Pondok Modern Darussalam Gontor Ponorogo, also known as Pondok Modern Gontor, or abbreviated as PMDG, or simply Pesantren Gontor, is a pesantren (boarding school style Islamic seminary) in Ponorogo Regency, East Java, Indonesia. Since its founding in 1926, the pesantren has become famous for the application of discipline, heavy emphasis of foreign languages (Arabic and English), and strong network and cadre of alumni. It also has been an educational institution known for not specifically tied to any political and social organization. The pesantren is considered a backbone of Muslim society in Indonesia, producing numerous leading figures of the history of Islam in Indonesia.

History

Pondok Tegalsari
The forerunner of Pondok Modern Darussalam Gontor began in the 18th century when Kyai Ageng Hasan Besari established Pondok Tegalsari in Jetis Ponorogo village of East Java (10 km to the south of the city of Ponorogo). Pondok Tegalsari was well known in its time and visited by thousands of santris (students of pesantren) from various regions in the archipelago. The leadership of the pondok lasted for six generations. In the mid-19th century, during the time of Kyai Hasan Khalifah, Pondok Tegalsari began to decline. At that time, the pondok had a renowned santri named R.M. Sulaiman Djamaluddin, a descendant of the royal family based in Keraton Kasepuhan of Cirebon. Kyai Hasan Khalifah then arranged the marriage of his youngest daughter Oemijatin (known as Nyai Sulaiman) with Sulaiman and they were given the task of establishing a new pesantren and the reformation of the pondok, which in later became a pesantren known as Pondok Gontor Lama.

Pondok Gontor Lama
Supported by 40 santris brought from Pondok Tegalsari, Kyai R.M. Sulaiman Djamaluddin and his wife founded Pondok Gontor Lama in a place located ±3 km east of Tegalsari and 11 km to the southeast from the city of Ponorogo. At that time, Gontor was still covered in forest and was often used as a hideout for robbers, criminals, and rogues. The third generation leader of the pondok Kyai Santoso Anom Besari was married to Rr. Sudarmi, the offspring of R.M. Sosrodiningrat (the regent of Madiun). Kyai Santoso Anom died in 1918 at a young age and left 7 children, thus the leadership of Pondok Gontor Lama was cut off. Three of the seven sons and daughters of the Kyai eventually went on to revive the pondok by updating and improving their system and curriculum.

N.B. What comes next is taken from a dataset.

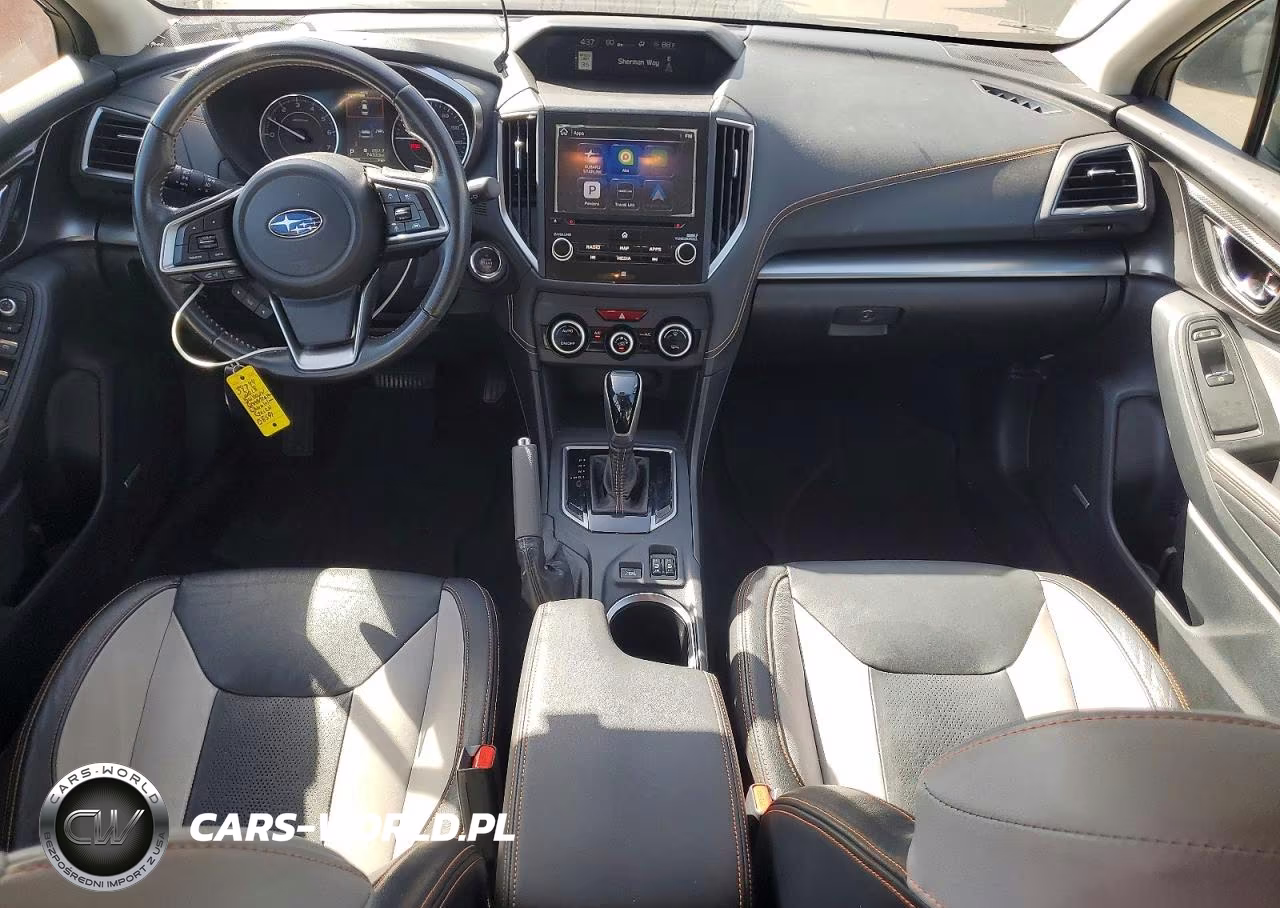 2018 Subaru Crosstrek Limited VIN:JF2GTAMC3JH205591 - 8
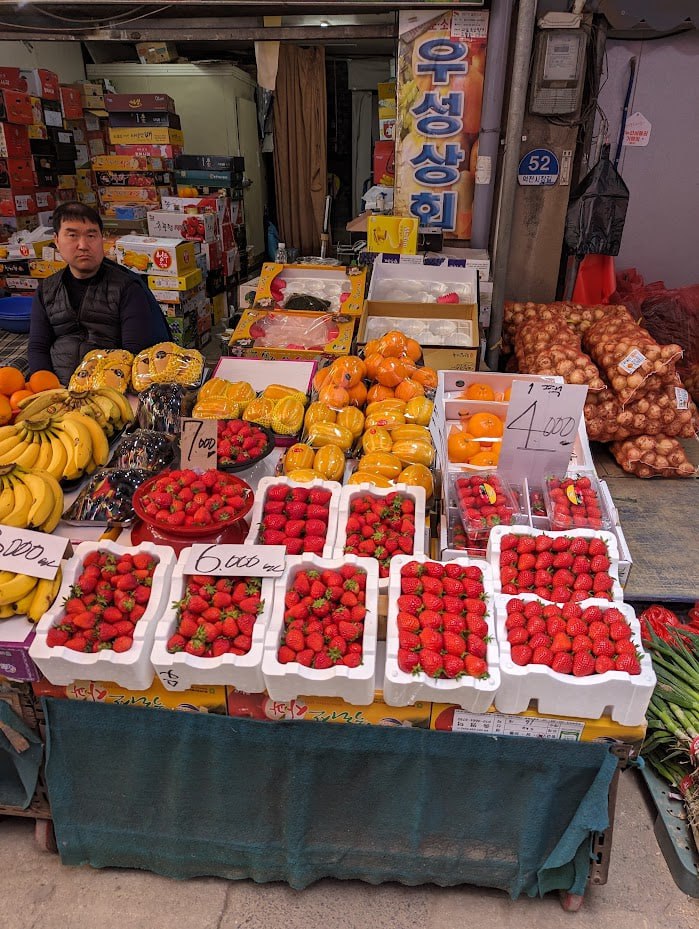 Впечатления из поездки в Дэчон, Корея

Pondok Modern Darussalam Gontor
After studying at various traditional pesantrens and modern educational institutions, the three sons of Kyai Santoso Anom finally returned to Gontor and on September 20, 1926 (12 Rabiul Awwal 1345) for the commemoration of the Islamic Prophet Muhammad. There they pledged the establishment of Pondok Modern Darussalam Gontor (PMDG). All three were known as Trimurti Founders of Pondok Modern Darussalam Gontor, namely Ahmad Sahal, Zainudin Fananie, and Imam Zarkasyi. On October 12, 1958 (28 Rabi'ul Awwal 1378), Trimurti donated PMDG to the ummah, which was deemed highly as a sacrifice of private property for the benefit of the society. The recipient of the mandate was represented by 15 members of Gontor alumni (IKPM) who later came to consist the Waqf Board of PMDG.

Organization and administration

Waqf Board
The highest institution in the educational committee of PMDG is the Waqf Board. The board is a  15-member legislative body, responsible for all the governance including the implementation and development of the education in PMDG. Members of the board consist of PMDG alumni who are elected every 5 years.

Leadership
For daily duties and obligations, the mandate is run by the leadership of PMDG. The leadership of PMDG is the executive body instituted after the death of the founders, chosen by the Waqf Board every 5 years. The chairman of pondok is a mandate of the Waqf Board who possesses the authority to execute the decisions of the board and takes its responsibility. PMDG leaders, in addition to leading the institutions and sections in the educational committee, are also obliged to take care of the santris in accordance with the Sunnah.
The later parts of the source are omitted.